=== ACTIVITY ===
Using the lines below, work out the count of those that hold "room". Give the number only.

=== MATERIAL SUPPLIED ===
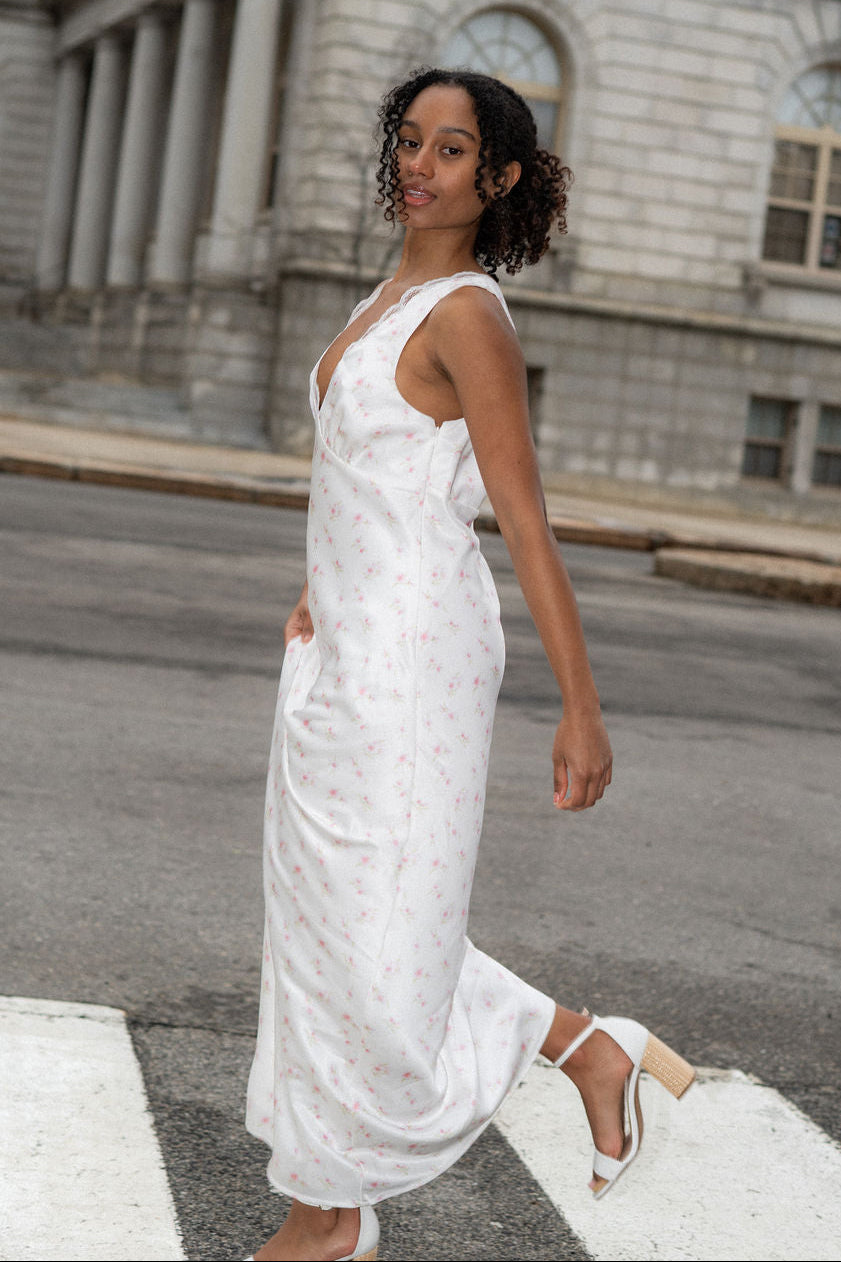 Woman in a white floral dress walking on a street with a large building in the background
* * *
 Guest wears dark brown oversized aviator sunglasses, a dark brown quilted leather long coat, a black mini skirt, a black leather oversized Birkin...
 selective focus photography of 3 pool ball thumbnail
==
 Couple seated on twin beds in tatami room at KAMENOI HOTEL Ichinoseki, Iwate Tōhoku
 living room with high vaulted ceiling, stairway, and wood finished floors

=== TASK RESPONSE ===
2